In Britain, if two people are 'going out together,' it may mean they're dating but that their relationship has advanced to a relatively long-standing and sexual boyfriend-girlfriend relationship although they're not cohabiting. Although Britons are familiar with the term dating, the rituals surrounding courtship are somewhat different from those commonly found in North America.

As a social relationship

Wide variation in behavior patterns 

Social rules regarding dating vary considerably according to variables such as social class, race, religion, age, sexual orientation and gender. Behavior patterns are generally unwritten and constantly changing. There are considerable differences between social and personal values. 

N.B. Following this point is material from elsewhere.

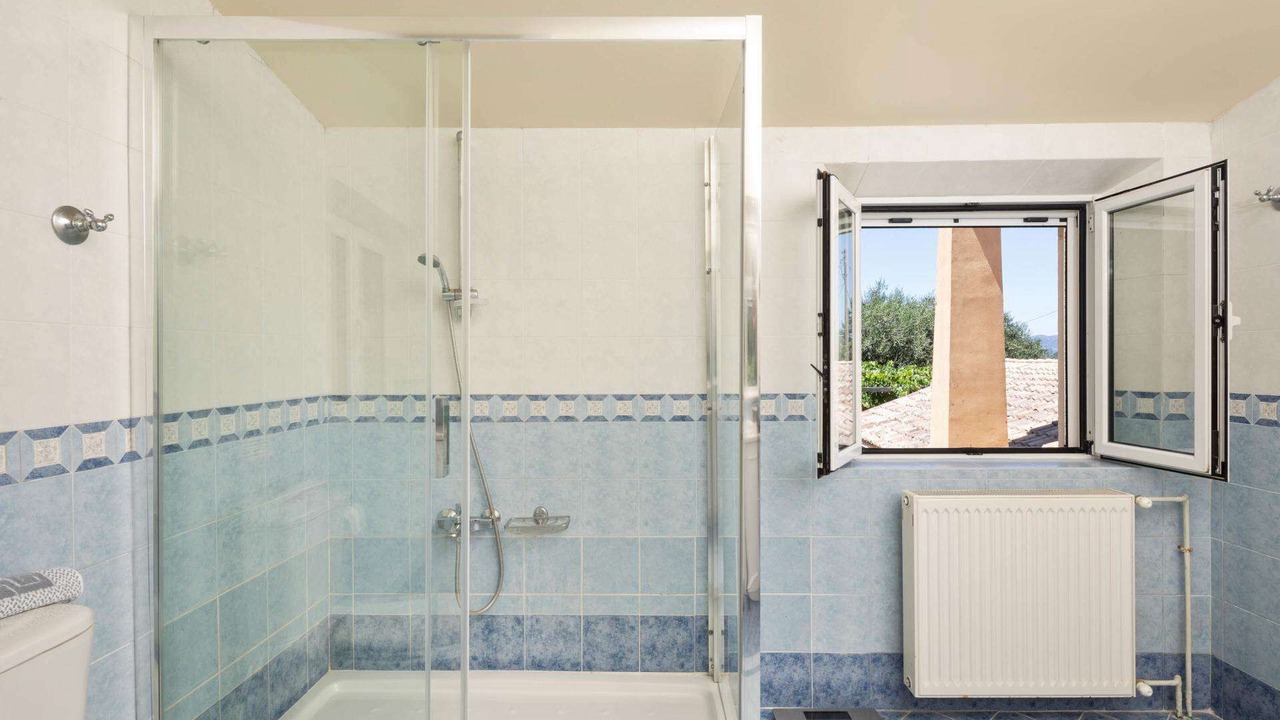 Photo of Bathroom in Vatos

Since dating can be stressful, there is the possibility of humor to try to reduce tensions. For example, director Blake Edwards wanted to date singing star Julie Andrews, and he joked in parties about her persona by saying that her "endlessly cheerful governess" image from movies such as Mary Poppins and The Sound of Music gave her the image of possibly having "lilacs for pubic hair"; Andrews appreciated his humor, sent him lilacs, dated him and later married him, and the couple stayed together for 41 years until his death in 2010.

Evaluation 
One of the main purposes of dating is for two or more people to evaluate one another's suitability as a long term companion or spouse.  Often physical characteristics, personality, financial status, and other aspects of the involved persons are judged and, as a result, feelings can be hurt and confidence shaken. Because of the uncertainty of the whole situation, the desire to be acceptable to the other person, and the possibility of rejection, dating can be very stressful for all parties involved. Some studies have shown that dating tends to be extremely difficult for people with social anxiety disorder.

While some of what happens on a date is guided by an understanding of basic, unspoken rules, there is considerable room to experiment, and there are numerous sources of advice available. Sources of advice include magazine articles, self-help books, dating coaches, friends, and many other sources. And the advice given can pertain to all facets of dating, including such aspects as where to go, what to say, what not to say, what to wear, how to end a date, how to flirt, and differing approaches regarding first dates versus subsequent dates. In addition, advice can apply to periods before a date, such as how to meet prospective partners, as well as after a date, such as how to break off a relationship.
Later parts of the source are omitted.